** TASK MATERIAL follows **

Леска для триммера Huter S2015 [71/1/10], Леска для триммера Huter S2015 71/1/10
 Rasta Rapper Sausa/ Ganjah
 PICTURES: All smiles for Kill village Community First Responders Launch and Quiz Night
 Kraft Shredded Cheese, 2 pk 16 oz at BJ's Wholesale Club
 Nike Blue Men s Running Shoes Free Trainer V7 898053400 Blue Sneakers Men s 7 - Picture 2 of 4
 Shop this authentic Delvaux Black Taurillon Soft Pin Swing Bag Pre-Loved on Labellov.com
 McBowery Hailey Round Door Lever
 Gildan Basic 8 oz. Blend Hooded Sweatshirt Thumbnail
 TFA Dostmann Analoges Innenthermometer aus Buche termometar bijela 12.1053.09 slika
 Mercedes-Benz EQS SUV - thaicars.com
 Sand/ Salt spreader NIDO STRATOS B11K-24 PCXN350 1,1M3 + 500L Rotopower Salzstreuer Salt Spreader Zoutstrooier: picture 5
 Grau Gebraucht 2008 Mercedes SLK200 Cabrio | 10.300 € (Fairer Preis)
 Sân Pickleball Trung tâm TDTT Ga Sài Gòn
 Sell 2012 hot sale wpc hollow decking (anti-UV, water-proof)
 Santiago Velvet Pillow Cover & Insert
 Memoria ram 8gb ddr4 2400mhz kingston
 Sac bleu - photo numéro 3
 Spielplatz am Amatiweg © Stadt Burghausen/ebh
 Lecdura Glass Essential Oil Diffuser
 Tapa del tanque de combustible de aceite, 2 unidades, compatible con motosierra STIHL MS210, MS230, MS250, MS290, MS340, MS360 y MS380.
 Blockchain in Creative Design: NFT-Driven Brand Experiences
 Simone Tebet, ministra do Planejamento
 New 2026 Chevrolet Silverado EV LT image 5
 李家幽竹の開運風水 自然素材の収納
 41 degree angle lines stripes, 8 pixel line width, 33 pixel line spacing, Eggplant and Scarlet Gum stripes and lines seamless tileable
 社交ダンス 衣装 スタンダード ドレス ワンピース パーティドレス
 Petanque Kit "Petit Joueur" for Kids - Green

** End of TASK MATERIAL **

• [YOUR INSTRUCTIONS]: All lines from the opening of the records through the line where "Sell 2012 hot" occurs are to be output verbatim. No other line belongs in the answer.

• [RESULT OF THE TASK]:
Леска для триммера Huter S2015 [71/1/10], Леска для триммера Huter S2015 71/1/10
 Rasta Rapper Sausa/ Ganjah
 PICTURES: All smiles for Kill village Community First Responders Launch and Quiz Night
 Kraft Shredded Cheese, 2 pk 16 oz at BJ's Wholesale Club
 Nike Blue Men s Running Shoes Free Trainer V7 898053400 Blue Sneakers Men s 7 - Picture 2 of 4
 Shop this authentic Delvaux Black Taurillon Soft Pin Swing Bag Pre-Loved on Labellov.com
 McBowery Hailey Round Door Lever
 Gildan Basic 8 oz. Blend Hooded Sweatshirt Thumbnail
 TFA Dostmann Analoges Innenthermometer aus Buche termometar bijela 12.1053.09 slika
 Mercedes-Benz EQS SUV - thaicars.com
 Sand/ Salt spreader NIDO STRATOS B11K-24 PCXN350 1,1M3 + 500L Rotopower Salzstreuer Salt Spreader Zoutstrooier: picture 5
 Grau Gebraucht 2008 Mercedes SLK200 Cabrio | 10.300 € (Fairer Preis)
 Sân Pickleball Trung tâm TDTT Ga Sài Gòn
 Sell 2012 hot sale wpc hollow decking (anti-UV, water-proof)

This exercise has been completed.